CourtArmy Court of Criminal Appeals
DecidedFebruary 28, 2013
DocketARMY 20100684
StatusUnpublished

This text of United States v. Sergeant DARRICK GARNER (United States v. Sergeant DARRICK GARNER) is published on Counsel Stack Legal Research, covering Army Court of Criminal Appeals primary law. Counsel Stack provides free access to over 12 million legal documents including statutes, case law, regulations, and constitutions.

Bluebook
United States v. Sergeant DARRICK GARNER, (acca 2013).

Opinion

UNITED STATES ARMY COURT OF CRIMINAL APPEALS Before YOB, KRAUSS, and BURTON Appellate Military Judges

UNITED STATES, Appellee v. Sergeant DARRICK GARNER United States Army, Appellant

ARMY 20100684

Headquarters, V Corps Lieutenant Colonel Wendy P. Daknis, Military Judge Lieutenant Colonel Randolph Swansiger, Staff Judge Advocate

For Appellant: Colonel Patricia A. Ham, JA; Lieutenant Colonel Imogene M. Jamison, JA; Major Richard E. Gorini, JA; Captain Matthew T. Grady, JA (on brief). Colonel Patricia A. Ham, JA; Lieutenant Colonel Imogene M. Jamison, JA; Major Richard E. Gorini, JA; Captain James P. Curtin, JA (on reply brief).

For Appellee: Lieutenant Colonel Amber J. Roach, JA; Major Catherine L. Brantley, JA; Captain Edward J. Whitford, JA (on brief).

28 February 2013

------------------------------------ MEMORANDUM OPINION ------------------------------------

This opinion is issued as an unpublished opinion and, as such, does not serve as precedent.

YOB, Senior Judge:

A panel of officer and enlisted members, sitting as a general court-martial, convicted appellant, contrary to his pleas, of two specifications of rape of a child under the age of twelve, and one specification of aggravated sexual contact with a child, in violation of Article 120, Uniform Code of Military Justice, 10 U.S.C. § 920 (2006) [hereinafter UCMJ]. The panel sentenced appellant to confinement for eighteen months and reduction to the grade of E-1. The convening authority approved only so much of the adjudged sentence as provided for confinement for seventeen months and twenty days and reduction to the grade of E-1. GARNER -- ARMY 20100684

This case is before this court for review under Article 66, UCMJ. We have considered the record of trial, appellant’s sole assignment of error alleging the military judge erred in denying a defense challenge for cause against a panel member, written briefs submitted by the parties on this issue, and additional matters personally raised by the appellant pursuant to United States v. Grostefon, 12 M.J. 431 (C.M.A. 1982).

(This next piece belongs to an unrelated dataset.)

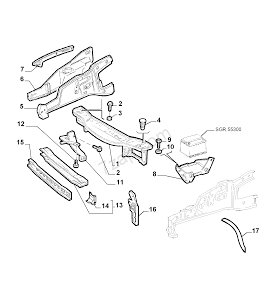 46439405 Ossatura Frontale Rivestimento ant  LANCIA DELTA 93-99 - Ricambio Originale - Front Coating Delta 93-99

For the reasons set forth below, we find appellant’s assignment of error merits discussion but no relief. We further find the matters raised by appellant, pursuant to Grostefon, do not merit relief. However, the issue alleging an improper sentencing argument by the trial counsel merits discussion as set forth below.

LAW AND DISCUSSION

Challenge for Cause Against a Panel Member

During voir dire, one of the panel members, Chief Warrant Officer Two (CW2) ET, indicated she knew appellant and had some prior knowledge of the facts and events of the case. During individual voir dire, CW2 ET stated she was assigned to the same unit as appellant, had known him for about two years, and only saw him approximately once a week during work hours when she would take documents for him to sign. She never saw appellant outside the work environment. Chief Warrant Officer Two ET also said she was aware appellant formerly held the rank of Staff Sergeant. She disavowed any knowledge of why he was reduced in rank, promised not to hold this against appellant on findings or sentencing, and to not share this information with the other panel members.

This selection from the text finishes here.